Story and photos by subcommittee member Kathi Miller, Senior Tenement Geologist, Norton Gold Fields Ltd
HEART OF GOLD DISCOVERY TRAIL SERIES
Western Australia’s gold history is both colourful and fascinating. Following the challenges of the First World War, the 1930s brought revitalisation to the gold industry with a rise in the gold price and an increase in foreign investment. However, it was the discovery of a gold nugget in 1931 that created a national sensation and saw many prospectors return to WA.
In early 1931, Larkinville, near Widgiemooltha, was an alluvial field of hard-won dust.
“The area is useless,” a prospector said after six weeks of digging and shaking the dirt. He gave up the search for gold, removed his tools and abandoned the lease on which the Golden Eagle nugget lay buried beneath a road.
James Joseph Larcombe was the next man to peg out a claim over the vacant ground. Men digging the land around him had found very little gold. Some of them were in desperate circumstances, almost starving and living only on porridge.

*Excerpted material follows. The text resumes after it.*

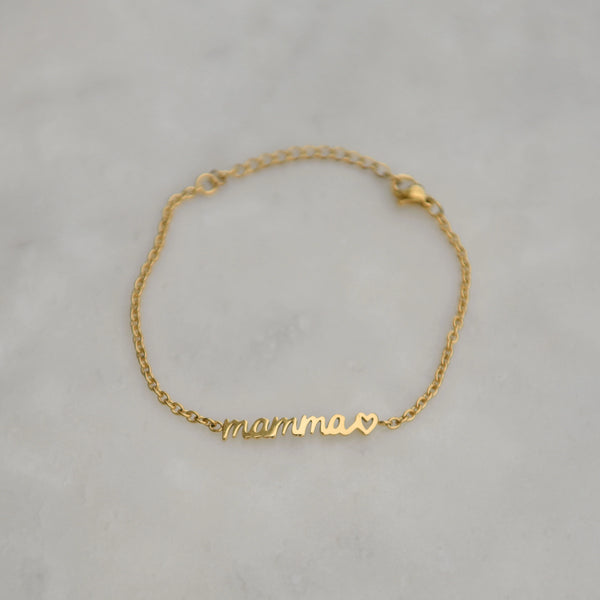 Armbånd - Mamma Hjerte - Eline Bang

James went to work dryblowing the old creek bed. He found some colour (small specks of gold). He almost gave up the claim, but when gold was found on a neighbouring property, he stayed a little longer.

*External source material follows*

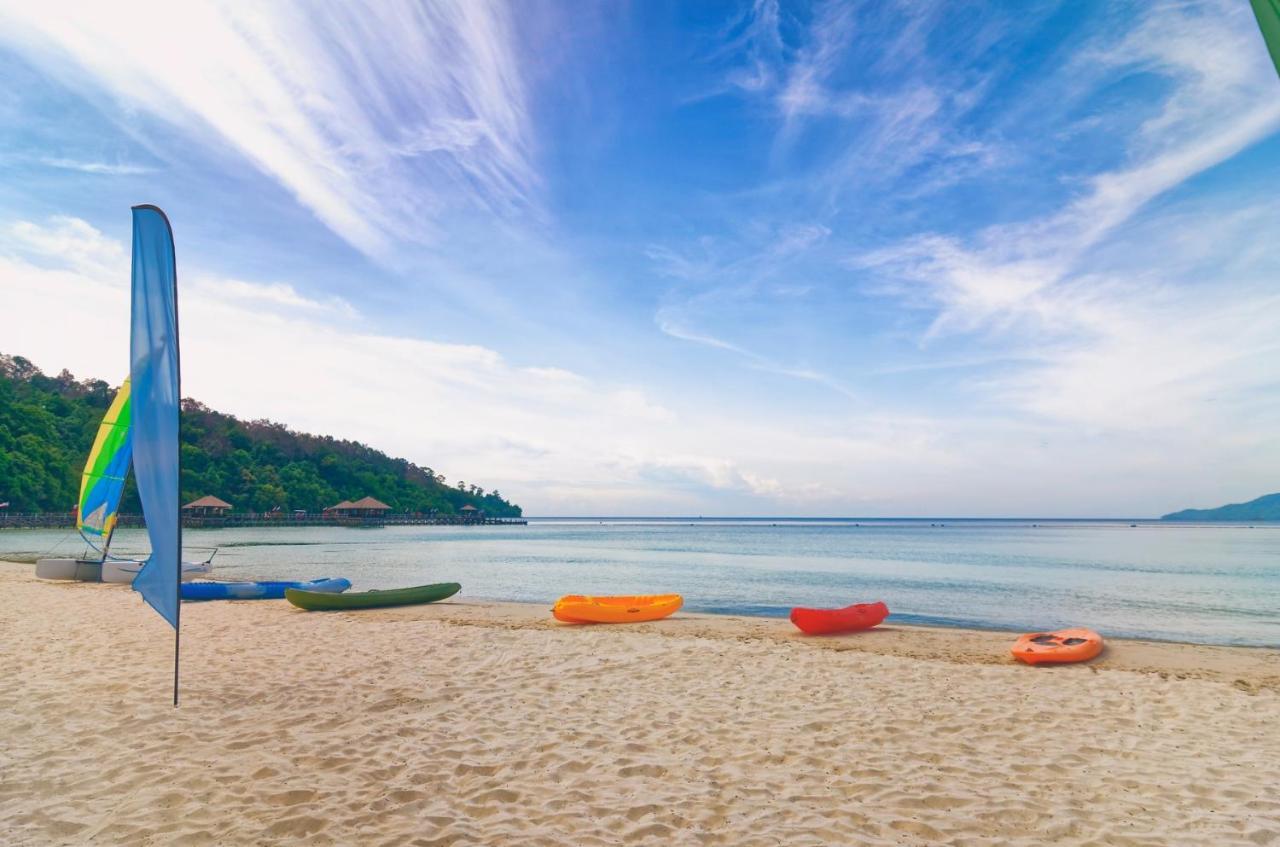 Bunga Raya Island Resort & Spa Gaya Island Exterior foto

James’s 16 year old son, Jim, joined him on the field. Young Jim had left his heavy work of supplying wood to the State Battery at Coolgardie, which was an ore-crushing facility run by the Western Australian Government for use by prospectors and miners. Jim admitted to knowing nothing about prospecting but he would have a go.
Two days later, Jim uttered a joyous yell. He’d unearthed a heavy slug of gold from a hole in the road.
He struggled to carry the nugget in his arms. “Sluggo,” Jim called out. The diggers on the field ran over. “They were like a flock of sheep with four or five dingoes behind them,” James said.
Young Jim Larcombe had struck it rich. He’d found a fortune in one big piece of gold. The Golden Eagle nugget weighed 1,135 ounces, and in 1931, the Larcombe’s received an offer of £6,000 from a buyer.
The Golden Eagle, a nugget which roughly resembled a bird with outspread wings, was a triumph for the men who dug for gold with pick and shovel. Newspapers across Australia reported the sensational discovery at Larkinville. A new gold fever set in attracting investors and many prospectors to Western Australia. Today the Golden Eagle nugget is still the largest specimen found in WA.
The gold industry has played and continues to play a fundamental role in Australia’s history, economy and social fabric, and is vital to our future.
A replica of the Golden Eagle nugget, sponsored by The Perth Mint, will be unveiled in Elizabeth Quay on Saturday 7 October, marking the start of Perth’s first virtual gold trail.